_Task directions_
Please keep to the lines below from the one with "Now for styling, for" through the one with "A video tour", and restate them word for word, ends included.

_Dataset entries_
☆ ☆ ☆ ☆

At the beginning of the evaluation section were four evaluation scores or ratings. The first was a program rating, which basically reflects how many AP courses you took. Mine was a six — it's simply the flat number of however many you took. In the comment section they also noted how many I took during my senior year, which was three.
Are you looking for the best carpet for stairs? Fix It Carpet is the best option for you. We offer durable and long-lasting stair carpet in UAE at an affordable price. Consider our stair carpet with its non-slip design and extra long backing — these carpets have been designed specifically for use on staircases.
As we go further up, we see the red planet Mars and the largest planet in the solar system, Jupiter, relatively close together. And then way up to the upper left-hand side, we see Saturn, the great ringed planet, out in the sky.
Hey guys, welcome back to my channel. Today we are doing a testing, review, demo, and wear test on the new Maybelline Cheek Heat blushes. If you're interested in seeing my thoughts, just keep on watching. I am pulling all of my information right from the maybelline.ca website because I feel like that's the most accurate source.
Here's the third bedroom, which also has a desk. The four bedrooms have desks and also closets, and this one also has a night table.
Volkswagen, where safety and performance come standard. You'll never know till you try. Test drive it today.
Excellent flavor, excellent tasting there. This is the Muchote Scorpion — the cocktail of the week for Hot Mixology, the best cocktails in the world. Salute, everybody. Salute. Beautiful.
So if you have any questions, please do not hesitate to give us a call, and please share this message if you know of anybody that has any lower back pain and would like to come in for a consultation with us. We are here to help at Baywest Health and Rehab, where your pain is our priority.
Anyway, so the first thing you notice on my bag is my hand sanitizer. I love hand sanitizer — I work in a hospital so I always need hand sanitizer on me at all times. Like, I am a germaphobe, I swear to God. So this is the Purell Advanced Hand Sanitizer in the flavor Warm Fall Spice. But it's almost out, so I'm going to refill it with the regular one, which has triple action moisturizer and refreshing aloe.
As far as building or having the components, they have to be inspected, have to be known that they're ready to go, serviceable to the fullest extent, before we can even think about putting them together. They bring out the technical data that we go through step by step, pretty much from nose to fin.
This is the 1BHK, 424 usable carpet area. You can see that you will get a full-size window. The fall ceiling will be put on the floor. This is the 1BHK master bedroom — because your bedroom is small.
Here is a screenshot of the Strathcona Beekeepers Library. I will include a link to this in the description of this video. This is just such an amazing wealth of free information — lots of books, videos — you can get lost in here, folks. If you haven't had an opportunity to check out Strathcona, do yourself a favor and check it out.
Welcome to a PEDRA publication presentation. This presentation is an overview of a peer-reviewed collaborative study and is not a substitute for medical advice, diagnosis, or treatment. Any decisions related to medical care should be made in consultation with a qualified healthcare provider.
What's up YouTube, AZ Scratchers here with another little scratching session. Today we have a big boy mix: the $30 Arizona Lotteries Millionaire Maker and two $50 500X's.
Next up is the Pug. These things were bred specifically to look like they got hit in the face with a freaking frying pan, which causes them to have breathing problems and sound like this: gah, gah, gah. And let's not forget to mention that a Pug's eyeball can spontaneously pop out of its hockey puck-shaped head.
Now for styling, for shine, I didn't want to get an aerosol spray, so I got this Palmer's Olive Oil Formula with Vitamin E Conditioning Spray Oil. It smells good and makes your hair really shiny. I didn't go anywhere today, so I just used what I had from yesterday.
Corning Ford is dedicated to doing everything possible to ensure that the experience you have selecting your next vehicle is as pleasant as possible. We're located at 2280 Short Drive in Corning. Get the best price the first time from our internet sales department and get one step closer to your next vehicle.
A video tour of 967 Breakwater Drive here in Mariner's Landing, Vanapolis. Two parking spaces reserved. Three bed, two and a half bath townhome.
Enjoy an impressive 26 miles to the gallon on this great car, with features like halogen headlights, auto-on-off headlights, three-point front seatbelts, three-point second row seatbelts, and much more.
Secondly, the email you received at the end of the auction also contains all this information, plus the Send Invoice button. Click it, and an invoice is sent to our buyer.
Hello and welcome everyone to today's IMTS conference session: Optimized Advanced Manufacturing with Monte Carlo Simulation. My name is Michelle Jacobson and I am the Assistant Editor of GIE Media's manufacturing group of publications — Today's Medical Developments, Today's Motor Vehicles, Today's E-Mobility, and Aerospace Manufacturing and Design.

☆ ☆ ☆ ☆

_Answer to the exercise_
Now for styling, for shine, I didn't want to get an aerosol spray, so I got this Palmer's Olive Oil Formula with Vitamin E Conditioning Spray Oil. It smells good and makes your hair really shiny. I didn't go anywhere today, so I just used what I had from yesterday.
Corning Ford is dedicated to doing everything possible to ensure that the experience you have selecting your next vehicle is as pleasant as possible. We're located at 2280 Short Drive in Corning. Get the best price the first time from our internet sales department and get one step closer to your next vehicle.
A video tour of 967 Breakwater Drive here in Mariner's Landing, Vanapolis. Two parking spaces reserved. Three bed, two and a half bath townhome.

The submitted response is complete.